Reframe was founded by roboticists who used to work at Amazon. Following instructions on iPads, its human employees insert plumbing and electrical wiring into the robot-made walls, turn them into “modules,” and bring them to construction sites, where they are stacked into multifloor, highly energy-efficient homes. Because the iPad instructions are akin to a Lego or Ikea manual, Reframe can employ fewer high-cost, high-skill laborers.
Having most of the needed professionals – electricians, plumbers, architects, engineers – under the same roof solves a problem of communication Mr. Pullen sees as endemic to the traditional construction industry. Every different professional involved must work together, but they are all “masters of their own kingdom,” he says.
While not all companies offer net-zero buildings like Reframe, Mr. Pullen says building in a factory setting lends itself to tighter structures that hold their temperature better. Plus, factory construction results in less waste. Companies know what they need to order for hundreds of projects at once; in traditional building, ad hoc orders require far more trucks and often leave behind excess material like piping and drywall.
All of this was appealing to Kathy McGilvray.
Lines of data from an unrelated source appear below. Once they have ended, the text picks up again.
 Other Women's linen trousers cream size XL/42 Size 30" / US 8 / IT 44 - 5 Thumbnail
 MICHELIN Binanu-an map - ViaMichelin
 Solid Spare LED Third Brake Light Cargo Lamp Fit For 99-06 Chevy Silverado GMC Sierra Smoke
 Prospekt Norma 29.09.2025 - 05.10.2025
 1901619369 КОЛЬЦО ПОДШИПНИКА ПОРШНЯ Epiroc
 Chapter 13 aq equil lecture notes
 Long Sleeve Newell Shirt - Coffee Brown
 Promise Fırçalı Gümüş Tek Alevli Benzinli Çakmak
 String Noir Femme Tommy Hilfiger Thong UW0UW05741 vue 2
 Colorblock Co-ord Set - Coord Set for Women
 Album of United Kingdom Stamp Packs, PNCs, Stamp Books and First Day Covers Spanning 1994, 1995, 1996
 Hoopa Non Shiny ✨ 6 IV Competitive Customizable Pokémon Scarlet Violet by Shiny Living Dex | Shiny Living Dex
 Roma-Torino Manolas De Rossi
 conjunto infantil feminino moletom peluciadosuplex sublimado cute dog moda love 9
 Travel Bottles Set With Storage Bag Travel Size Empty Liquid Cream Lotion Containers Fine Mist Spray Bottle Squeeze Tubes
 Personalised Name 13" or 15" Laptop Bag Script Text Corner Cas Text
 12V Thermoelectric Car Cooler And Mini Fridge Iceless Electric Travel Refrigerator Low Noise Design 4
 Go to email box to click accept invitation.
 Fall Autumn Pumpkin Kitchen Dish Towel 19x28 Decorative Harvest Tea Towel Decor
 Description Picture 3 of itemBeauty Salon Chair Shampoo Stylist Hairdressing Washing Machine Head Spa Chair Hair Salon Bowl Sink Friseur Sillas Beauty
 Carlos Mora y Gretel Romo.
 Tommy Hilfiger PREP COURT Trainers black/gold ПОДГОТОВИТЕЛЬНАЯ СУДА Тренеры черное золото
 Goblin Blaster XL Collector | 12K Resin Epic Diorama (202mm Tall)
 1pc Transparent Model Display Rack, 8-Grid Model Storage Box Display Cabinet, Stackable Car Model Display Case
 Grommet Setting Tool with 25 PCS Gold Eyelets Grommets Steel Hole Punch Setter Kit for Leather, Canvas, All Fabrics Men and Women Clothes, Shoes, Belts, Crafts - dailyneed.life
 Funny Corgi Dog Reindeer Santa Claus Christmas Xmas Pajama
She is working with Reframe to build a three-story, modular home for her parents on a lot that she owns in Somerville, Massachusetts. There will be three units – one for them, one for her sister, and a rental.
A conventional new home would be “prohibitively expensive” for her, says Ms. McGilvray.
Reframe will build pieces of the triplex at its factory in Andover over four or five months, then assemble them at the site in Somerville over two or three months.
“My parents could move in in May. So, it’s extraordinary,” says Ms. McGilvray.
On top of that, her parents, who are on a fixed income, barely need to pay utilities for the all-electric, solar-powered triplex.
Despite the enthusiasm, modular companies have yet to establish significant pipelines of projects, and few are constructing the large apartment complexes that might put a dent in the housing shortage.
“History is replete with people who had the goal of doing this and didn’t do it, which doesn’t mean that somebody someday won’t do it,” says Christopher Herbert, managing director of the Harvard Joint Center for Housing Studies. “But it’s hard. It’s hard to get to that scale.”